You can use the options in the Sample View to specify how the connector samples data from MongoDB to generate a schema definition. The connector samples the data in order to detect its structure and determine the data mappings that best support the data.

To sample data for MongoDB:

  1. Choose one:

    • From the start page, click Create New, provide your connection information, and then click Connect. For detailed information about how to specify connection information, Connecting to a Data Store.
    • The Sample dialog box opens.

    • Or, from the Design View, click the Sample View tab. If you are not already connected to a data store, the Schema Editor prompts you to provide your connection information. For detailed information about how to specify connection information, Connecting to a Data Store.
    • The Schema Editor displays the Sample View.

  2. From the Sampling Method drop-down list, select the sampling method to use. You can sample record sequentially by selecting the Forward (starting from the first record), or Backward (starting from the last record) options, or at random by selecting the Random option.

    Note:

    The random sampling method is only supported by MongoDB Server 3.2 or higher.

  3. In the Sampling Count field, type the maximum number of records that the connector can sample to generate the schema definition. To sample every record in the database, set this option to 0.

    Note:

    Typically, sampling a large number of records results in a schema definition that is more accurate and better able to represent all the data in the database. However, the sampling process might take longer than expected when many records are sampled, especially if the database contains complex, nested data structures.

  4. In the Sampling Interval field, type the interval at which the connector samples a record when scanning through the data store. For example, if you set this option to 2, then the connector samples every second record in the data store. This option is ignored if the Sampling Method is set to Random.
  5. In the bottom pane, specify the collections that the connector samples records from by selecting the corresponding check boxes in the Selected column.
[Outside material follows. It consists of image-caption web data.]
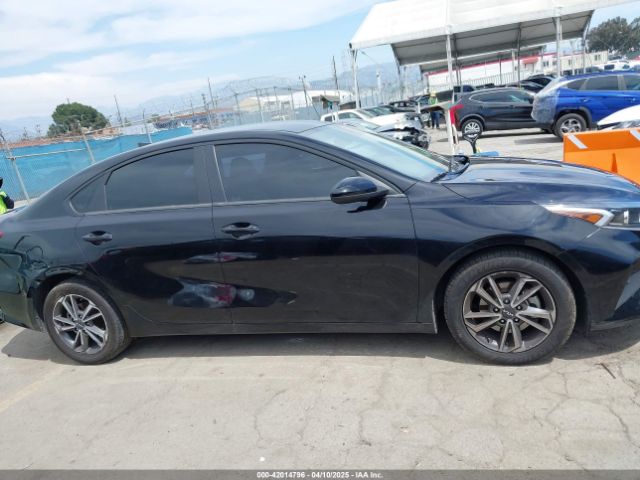 3KPF24AD3NE450379 KIA Forte Lxs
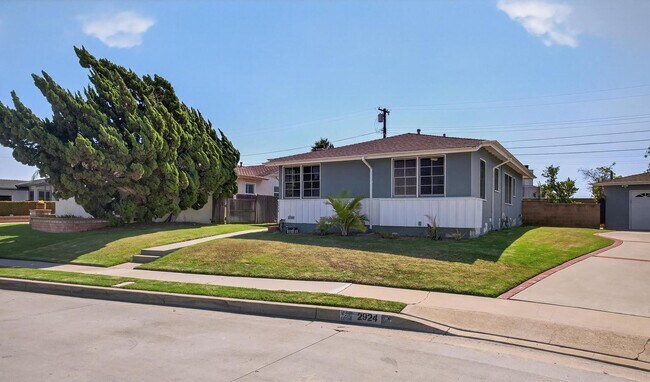 Building Photo - 3 Bed, 2 Bath home in quiet neighborhood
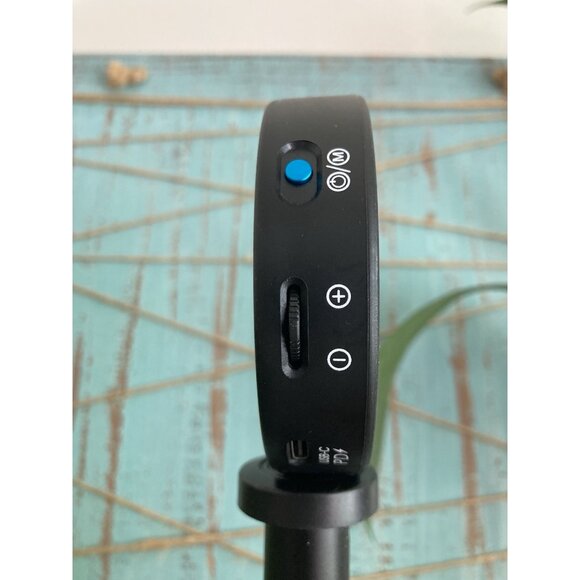 LUME CUBE VIDEO CONFERENCE LED LIGHT WITH TRIPOD (USB -C CHARGE) 2 Tone Light - Picture 8 of 10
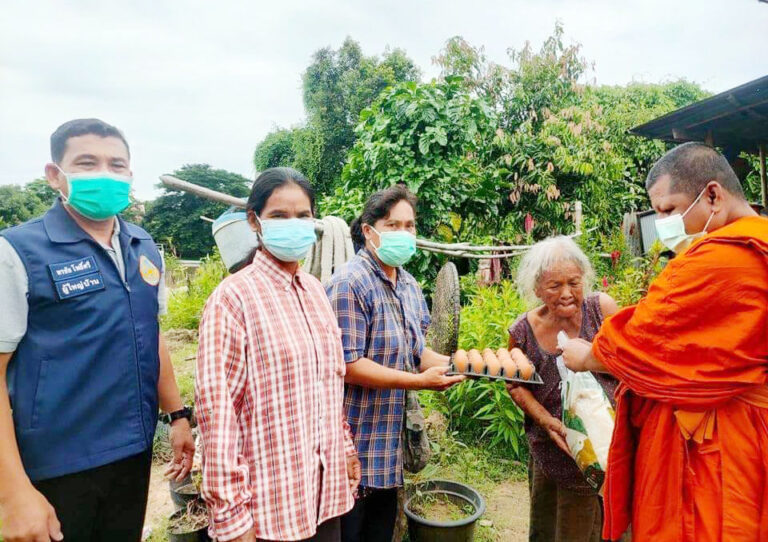 เจ้าอาวาสวัดเถรพลาย มอบเครื่องบริโภคให้ผู้สูงอายุ และบุคลากรด่านหน้า ช่วงโควิด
You can select every collection in the database by selecting the check box in the Selected column header.

    Note:

    You can group and sort collections by clicking a column header. For example, to group collections based on the catalogs they belong to and then sort those groupings by catalog name in ascending order, click the Catalog column header. To sort the list in descending order, click the header again. To disable sorting, click the header a third time.

  6. To filter the data from a collection so that only certain documents are included in the sampling process, type a JSON filter in the corresponding field in the JSON Filter column. The connector samples data only from documents in the collection that meet the filter conditions.
  7. Note:

    • The JSON filter is used only during the sampling process. It does not affect the data that is returned when you preview data in the Design View.
    • For information about the syntax of the JSON Filter value, see "db.collection.find()" in the MongoDB Manual: http://docs.mongodb.org/manual/reference/method/db.collection.find/#db.collection.find. The JSON filter is the argument for the "query" parameter.
    • The value that you type in the JSON Filter field is comparable to a WHERE clause in SQL. For example, to select a row that has the _id value T123 from a table named Customers, you would use the SQL statement SELECT * FROM Customers WHERE _id = "T123". In the Schema Editor, to sample data only from documents that contain the _id value T123 from a collection named Customers, you would select the collection named Customers and then type {"_id": { "$oid" : "123 " }} in the JSON Filter field.
  8. To generate the schema, click Sample.

The connector samples the data as specified and generates a schema definition, which opens in the Design View in the Schema Editor. If you return to the Sample View, you will see that the check boxes in the Sampled column are selected for all the columns that were included in the sampling process.